I’d just grabbed my coat and backpack and was about to close the door when
he
showed up. Honestly, I’d expected him sooner.

“Looks like we’re partners, Duffy.”

I kicked the locker shut with a little too much force. “Unfortunately, yes.”

Wesley grinned, running his fingers through his dark curls as he leaned against the locker next to mine. “So, your place or
mine?”

“What?”

“To do the assignment this weekend,” he said, narrowing his eyes. “Don’t be getting any ideas, Duffy. I’m not chasing you.
I’m just being a good student. Wesley Rush doesn’t chase girls. They—”

“Chase you. Yeah, I know.” I pulled my coat on over my T-shirt. “If we have to do this, I was thinking we’d—”

“Wesley!” A skinny brunette that I didn’t recognize (she looked like a freshman) threw herself at him right in front of me.
She stared up at Wesley with big sappy eyes. “Will you dance with me at Homecoming tonight?”

“Of course, Meghan,” he said, running his hand down her back. He was tall enough to look down her shirt without any problem.
Perverted bastard. “I’ll save a dance just for you, okay?”

“Really?”

“Would I lie?”

“Oh, thanks, Wesley!” He bent down, and she gave him a quick kiss on the cheek before scampering off, not looking at me once.

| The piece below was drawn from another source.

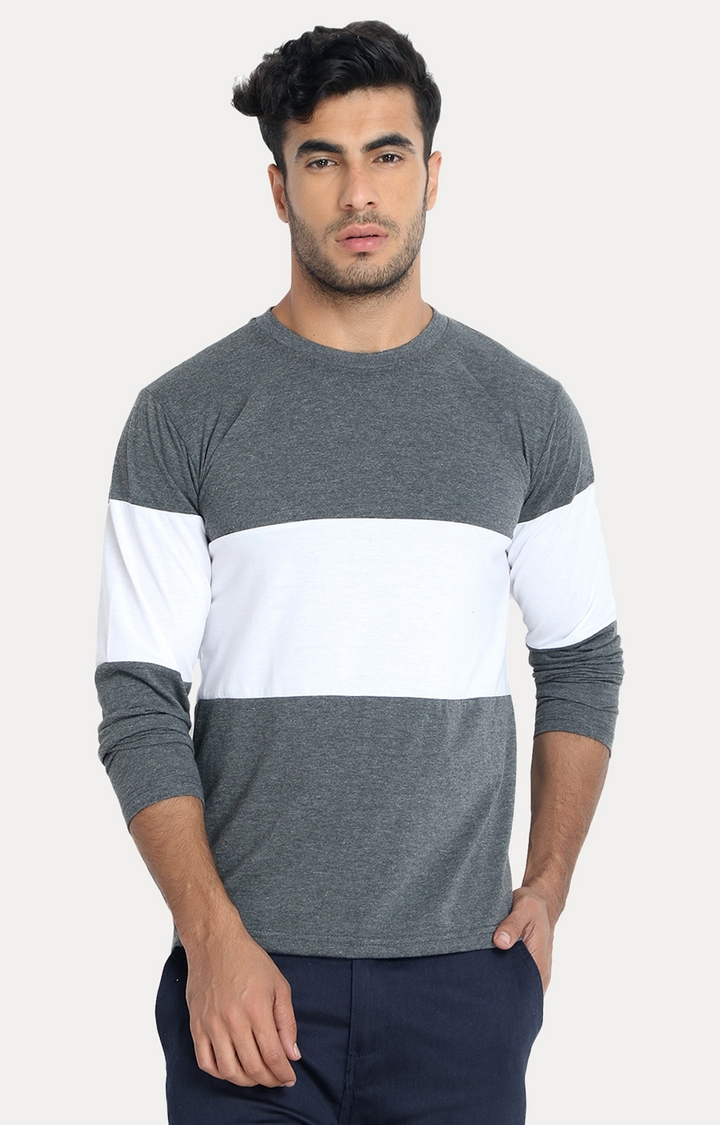 Weardo | Grey and White Colourblock Stylist T-Shirt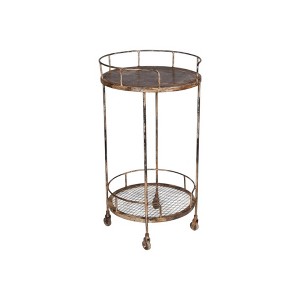 HomeRoots 18" Brown Iron Distressed Round Rolling Bar Cart - 1 of 4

Wesley turned his attention back to me. “You were saying?”

Through gritted teeth, I growled, “
I was thinking that we’d meet at my place
.”

“What’s wrong with my house?” he asked. “Are you afraid it’s haunted, Duffy?”

“Of course not. I’d just prefer to work at my house. God knows what kind of diseases I could get just by stepping foot in
your bedroom.” I shook my head. “So, my house, okay? Tomorrow afternoon at, like, three. Call before you show up.”

I didn’t give him a chance to respond. If he had a problem with it, I’d write the paper myself. So, purposely forgetting to
say good-bye, I walked off, darting around the groups of gossiping girls and hurrying toward the cafeteria.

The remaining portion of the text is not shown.